- Opening Delimiter -
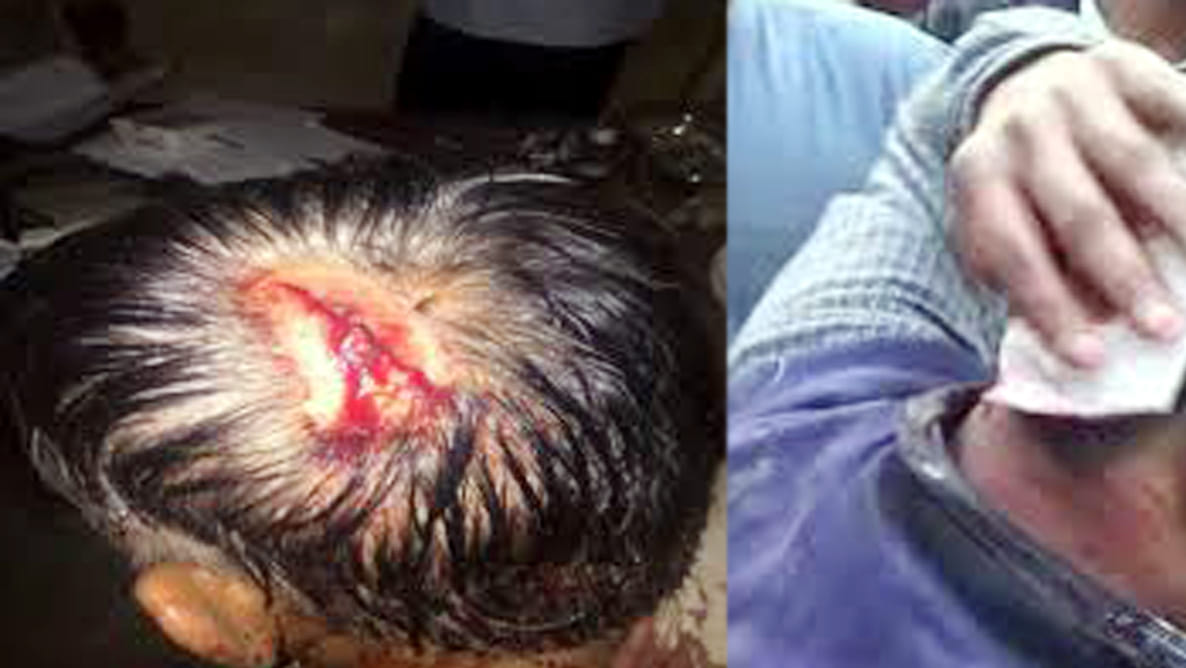 students attack on principal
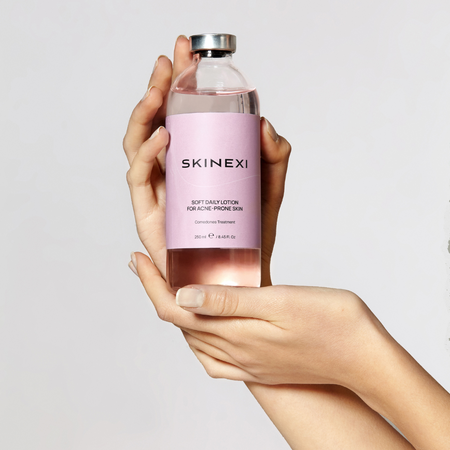 Распродажа!!! Лосьон от комедонов и чёрных точек Skinexi Soft Daily Lotion 250 мл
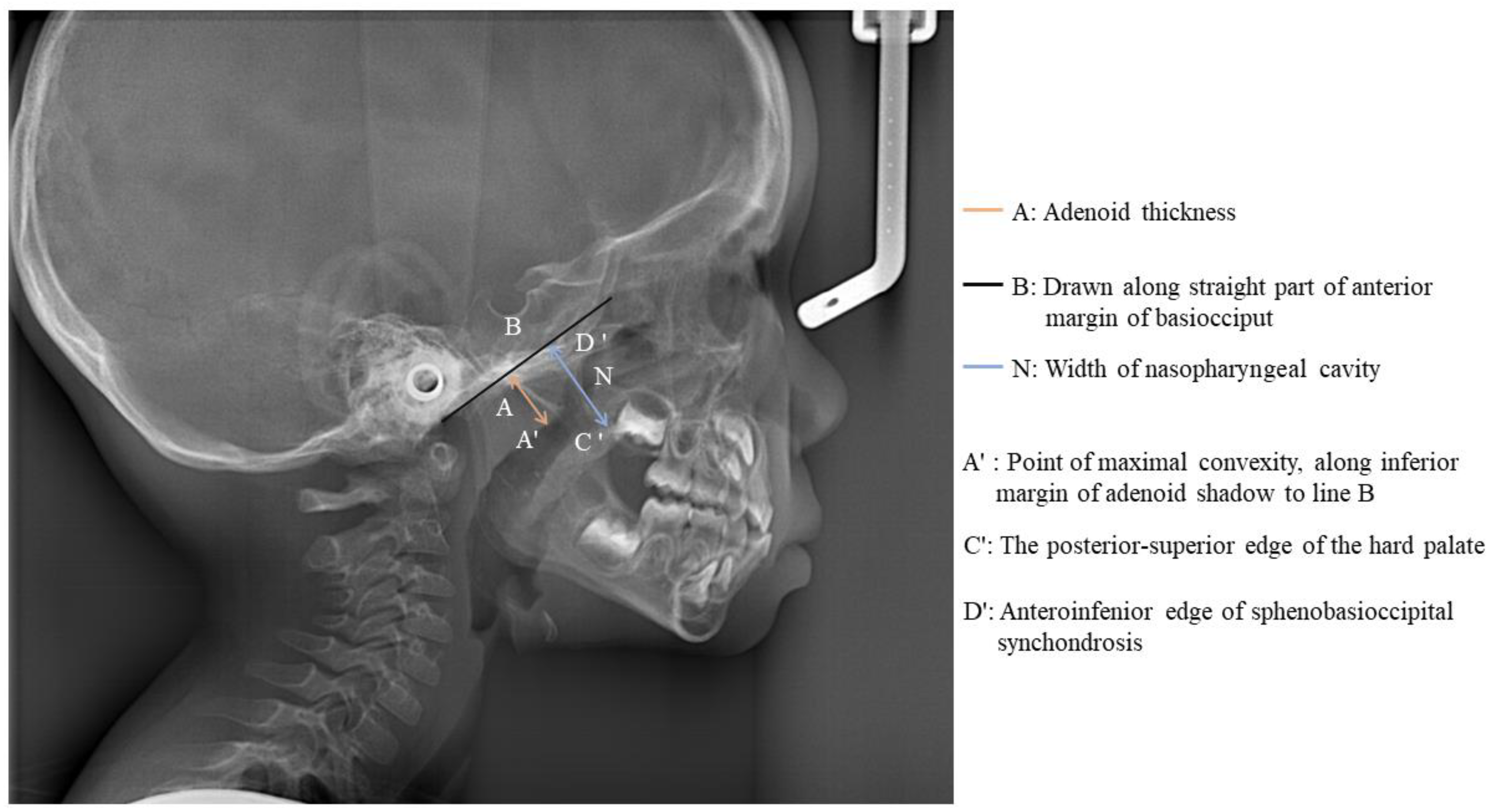 JCM Free FullText Invisalign Treatment of a ThreeYearOld Child with Bilateral Posterior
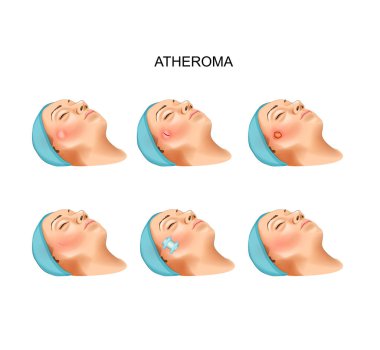 surgery of benign tumors of atheroma clipart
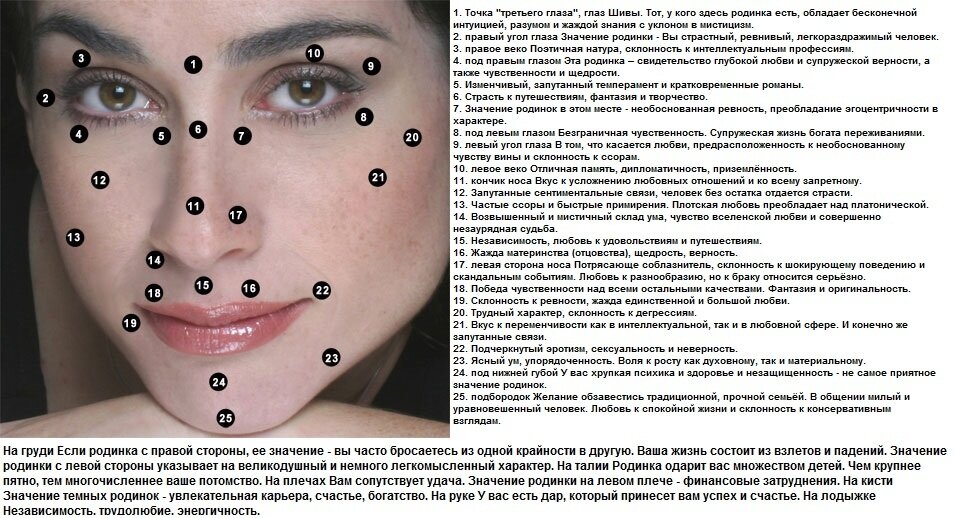 Просто о здоровье: когда родинка может стать опасной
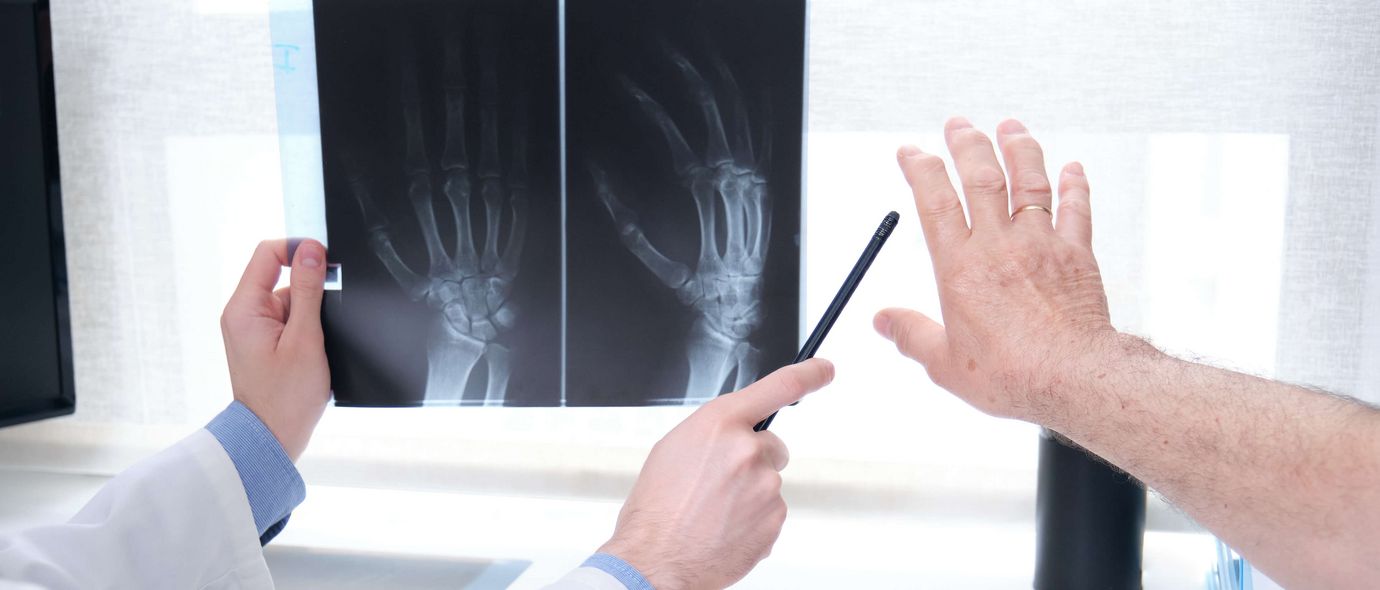 Arzt erklärt Patienten Röntgenbild einer Hand auf dem Computermonitor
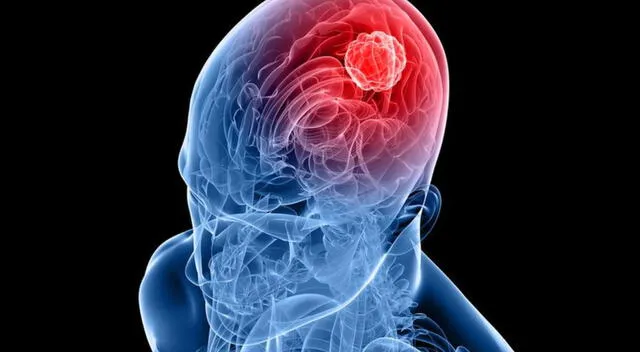 Los tumores en el cerebro pueden generar presión intracraneal y episodios de dolor de cabeza intenso que simulan una migraña Los tumores en el cerebro pueden generar presión intracraneal y episodios de dolor de cabeza intenso que simulan una migraña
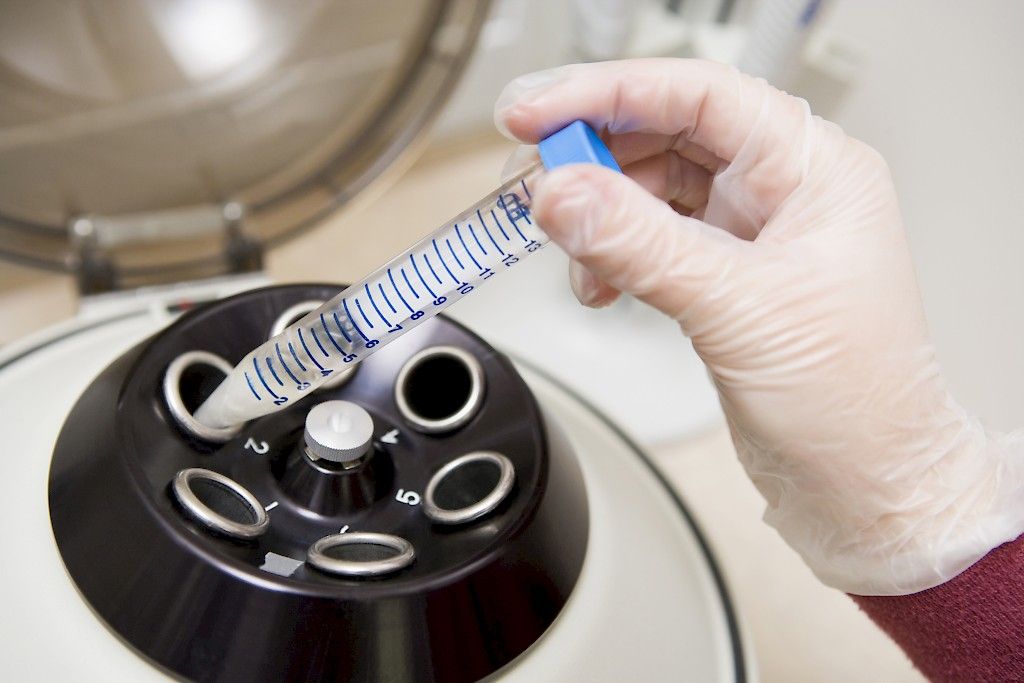 DNA-testi ja ulosteen veritesti eivät sovellu suolistosyöpien seulontaan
- Closing Delimiter -
*Task*:
Any picture in the listing is to be omitted. Return exactly the lines from the one containing "JCM Free FullText" through its last line, both included, and only those.

*Solution for this task*:
 JCM Free FullText Invisalign Treatment of a ThreeYearOld Child with Bilateral Posterior
 surgery of benign tumors of atheroma clipart
 Просто о здоровье: когда родинка может стать опасной
 Arzt erklärt Patienten Röntgenbild einer Hand auf dem Computermonitor
 Los tumores en el cerebro pueden generar presión intracraneal y episodios de dolor de cabeza intenso que simulan una migraña Los tumores en el cerebro pueden generar presión intracraneal y episodios de dolor de cabeza intenso que simulan una migraña
 DNA-testi ja ulosteen veritesti eivät sovellu suolistosyöpien seulontaan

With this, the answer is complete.